Liza Enebeis is Partner and Creative Director at Studio Dumbar/DEPT®. 

Studio Dumbar/DEPT® is an award-winning international agency with a Dutch heritage, specialising in visual branding and motion. Liza is directly involved with all main projects such as the visual identity for Amsterdam Sinfonietta, D&AD Creativity festival, brand refresh of the van Gogh Museum and co-initiator of DEMO - Design in Motion Festival. She is an MA Design graduate from the Royal College of Art, London. Before joining Studio Dumbar she worked for Pentagram London for several years. In 2004 Liza co-founded and co-hosts the podcast station Typeradio.org. Typeradio has an archive of more than 500 interviews for download of established and upcoming designers from all around the world. As of 2018 she has been elected member to the prestigious design association AGI, Alliance Graphique Internationale.
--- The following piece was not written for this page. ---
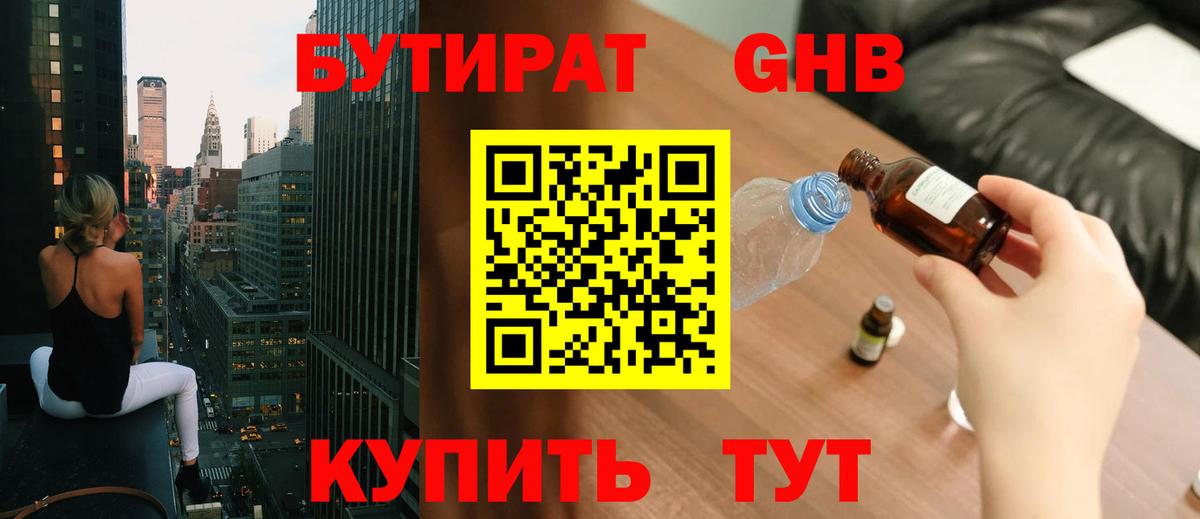  КОКАИН Владимир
In 2020 she was appointed as co-chair of the ADCN—the Advertising and Design Club of Creativity in the Netherlands. And since 2021 is part of the D&AD Board of trustees—the Design and Advertising Association in the UK. 
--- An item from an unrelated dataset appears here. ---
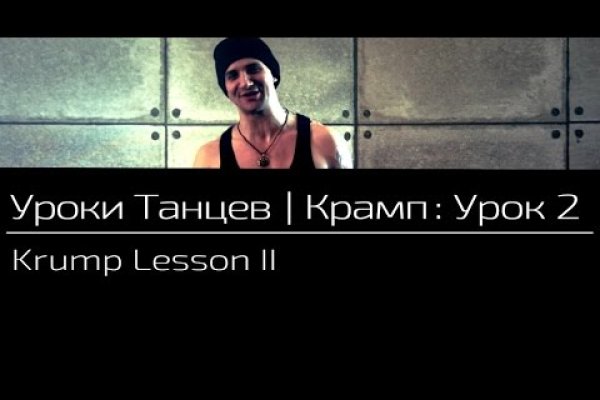 Кракен онион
William Camargo is a photo-based artist and educator born and raised in Anaheim, California. He is currently the Chair of the Heritage and Culture commission in Anaheim and a lecturer in photography at the University of California San Diego. He attained his M.F.A from Claremont Graduate University, a BFA from Cal State Fullerton, and an AA at Fullerton Community College. William is the founder and curator of Latinx Diaspora Archives, an archive Instagram page that elevates communities of color through family photos.  
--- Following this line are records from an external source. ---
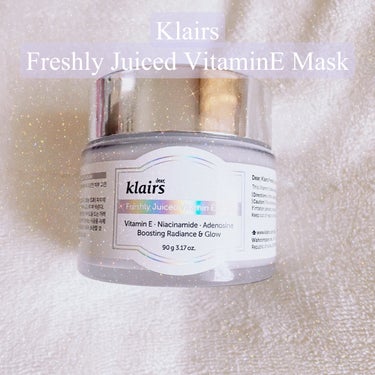 Klairs
⋆⸜ Freshly Juiced VitaminE Mask ⸝⋆ 
✼••┈┈••✼••┈┈••✼••┈┈••✼••┈┈••✼

杏仁豆腐のようなぷるぷるなテクスチャーで
毎日の水分ク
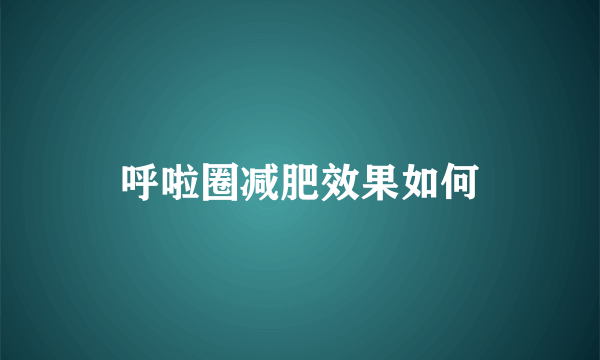 呼啦圈减肥效果如何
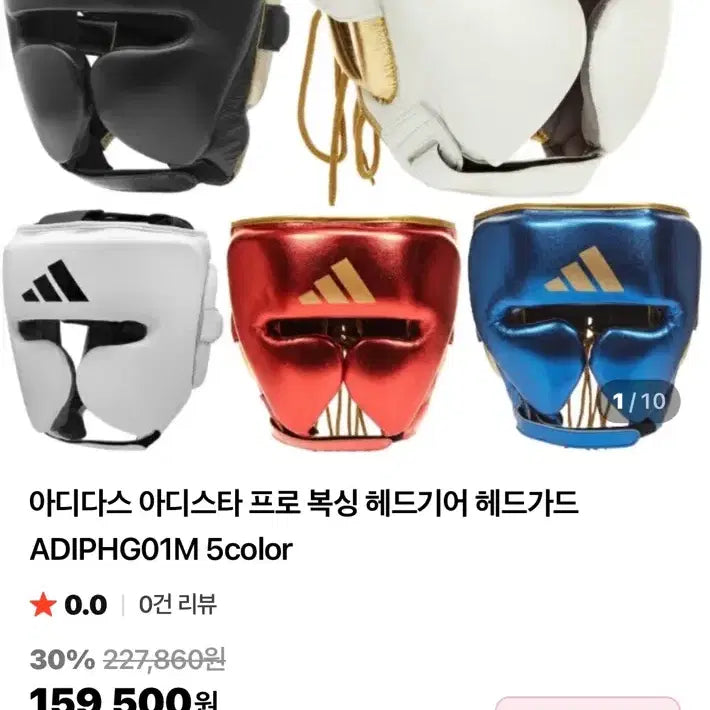 [BUNJANG] Adidas Adi-Star Pro Boxing Headgear / 아디다스 아디스타 프로 복싱 헤드기어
He uses photography, installation, public interventions, and archives to address issues of gentrification, police violence, and Chicanx/Latinx histories. William has held residencies at the Latinx Project at NYU, Light Work in Syracuse, New York, TILT institute for Contemporary Image in Philadelphia, and the Center for Photography at Woodstock, NY. He was a runner-up for the Aperture Portfolio Prize 2021 and was included in the Latinx edition of Aperture Magazine in the Winter of 2022. In addition, he has given lectures at the University of Tennessee in Chattanooga, the University of North Carolina in Greensboro, Gallery 400 (Chicago), University of San Diego,  Stanford University, Syracuse University, USC Roski School of Art, and upcoming at Scripps College 

Samara Golden(b. 1973, Ann Arbor, Michigan) has had solo exhibitions at MoMA PS1, New York; the Fabric Workshop and Museum, Philadelphia; Yerba Buena Center for the Arts, San Francisco; Night Gallery, Los Angeles; and CANADA, New York. Her monumental installation The Meat Grinder’s Iron Clothes was on view in the 2017 Whitney Biennial. She has shown large scale installations in group exhibitions at Staatliche Kunsthalle Baden-Baden, Germany; and Yuz Museum, Shanghai. Golden was featured in the 2014 Hammer Biennial, Los Angeles, and in Room to Live at MOCA Los Angeles. In 2015, a monograph on Golden was published by MoMA PS1, and her work has been written about in publications including ArtForum, Art in America, the New York Times, the New Yorker, and Mousse Magazine. Golden’s work is in the permanent collections of the Whitney Museum of American Art, New York; LACMA and MOCA in Los Angeles; Orange County Museum of Art, Santa Ana; Zabludowicz Collection, London; and Yuz Museum, Shanghai. Golden lives and works in Los Angeles.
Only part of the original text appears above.